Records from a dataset
┄┄┄┄┄┄┄┄┄┄┄┄┄┄┄┄┄┄┄┄

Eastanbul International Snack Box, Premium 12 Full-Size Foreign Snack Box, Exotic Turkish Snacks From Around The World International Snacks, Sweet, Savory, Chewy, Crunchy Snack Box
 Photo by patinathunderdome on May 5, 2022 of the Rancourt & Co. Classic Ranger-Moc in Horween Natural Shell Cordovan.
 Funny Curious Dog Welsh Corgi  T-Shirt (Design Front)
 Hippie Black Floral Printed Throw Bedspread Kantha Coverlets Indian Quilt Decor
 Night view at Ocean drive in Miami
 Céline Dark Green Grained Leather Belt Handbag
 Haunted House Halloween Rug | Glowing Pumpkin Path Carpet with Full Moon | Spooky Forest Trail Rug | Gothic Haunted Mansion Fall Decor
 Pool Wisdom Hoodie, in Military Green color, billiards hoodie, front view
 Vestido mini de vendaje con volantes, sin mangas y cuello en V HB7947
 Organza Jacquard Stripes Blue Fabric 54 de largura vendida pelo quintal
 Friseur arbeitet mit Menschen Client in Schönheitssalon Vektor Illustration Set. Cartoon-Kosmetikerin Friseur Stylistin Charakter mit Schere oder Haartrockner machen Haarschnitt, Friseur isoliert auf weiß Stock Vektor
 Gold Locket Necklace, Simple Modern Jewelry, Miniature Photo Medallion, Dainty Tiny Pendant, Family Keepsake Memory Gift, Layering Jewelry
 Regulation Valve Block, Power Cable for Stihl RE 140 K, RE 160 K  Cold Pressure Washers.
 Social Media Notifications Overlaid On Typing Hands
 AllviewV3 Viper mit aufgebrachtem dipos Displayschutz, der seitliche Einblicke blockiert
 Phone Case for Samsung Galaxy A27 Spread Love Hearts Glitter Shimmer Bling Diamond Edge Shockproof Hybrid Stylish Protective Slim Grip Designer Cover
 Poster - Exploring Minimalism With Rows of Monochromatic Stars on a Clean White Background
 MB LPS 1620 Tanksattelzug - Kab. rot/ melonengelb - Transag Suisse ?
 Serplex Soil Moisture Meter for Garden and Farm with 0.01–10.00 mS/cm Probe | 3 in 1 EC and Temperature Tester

┄┄┄┄┄┄┄┄┄┄┄┄┄┄┄┄┄┄┄┄

* [Directions]: Reproduce all the entries verbatim, leaving nothing out.

* [Result of this exercise]:
Eastanbul International Snack Box, Premium 12 Full-Size Foreign Snack Box, Exotic Turkish Snacks From Around The World International Snacks, Sweet, Savory, Chewy, Crunchy Snack Box
 Photo by patinathunderdome on May 5, 2022 of the Rancourt & Co. Classic Ranger-Moc in Horween Natural Shell Cordovan.
 Funny Curious Dog Welsh Corgi  T-Shirt (Design Front)
 Hippie Black Floral Printed Throw Bedspread Kantha Coverlets Indian Quilt Decor
 Night view at Ocean drive in Miami
 Céline Dark Green Grained Leather Belt Handbag
 Haunted House Halloween Rug | Glowing Pumpkin Path Carpet with Full Moon | Spooky Forest Trail Rug | Gothic Haunted Mansion Fall Decor
 Pool Wisdom Hoodie, in Military Green color, billiards hoodie, front view
 Vestido mini de vendaje con volantes, sin mangas y cuello en V HB7947
 Organza Jacquard Stripes Blue Fabric 54 de largura vendida pelo quintal
 Friseur arbeitet mit Menschen Client in Schönheitssalon Vektor Illustration Set. Cartoon-Kosmetikerin Friseur Stylistin Charakter mit Schere oder Haartrockner machen Haarschnitt, Friseur isoliert auf weiß Stock Vektor
 Gold Locket Necklace, Simple Modern Jewelry, Miniature Photo Medallion, Dainty Tiny Pendant, Family Keepsake Memory Gift, Layering Jewelry
 Regulation Valve Block, Power Cable for Stihl RE 140 K, RE 160 K  Cold Pressure Washers.
 Social Media Notifications Overlaid On Typing Hands
 AllviewV3 Viper mit aufgebrachtem dipos Displayschutz, der seitliche Einblicke blockiert
 Phone Case for Samsung Galaxy A27 Spread Love Hearts Glitter Shimmer Bling Diamond Edge Shockproof Hybrid Stylish Protective Slim Grip Designer Cover
 Poster - Exploring Minimalism With Rows of Monochromatic Stars on a Clean White Background
 MB LPS 1620 Tanksattelzug - Kab. rot/ melonengelb - Transag Suisse ?
 Serplex Soil Moisture Meter for Garden and Farm with 0.01–10.00 mS/cm Probe | 3 in 1 EC and Temperature Tester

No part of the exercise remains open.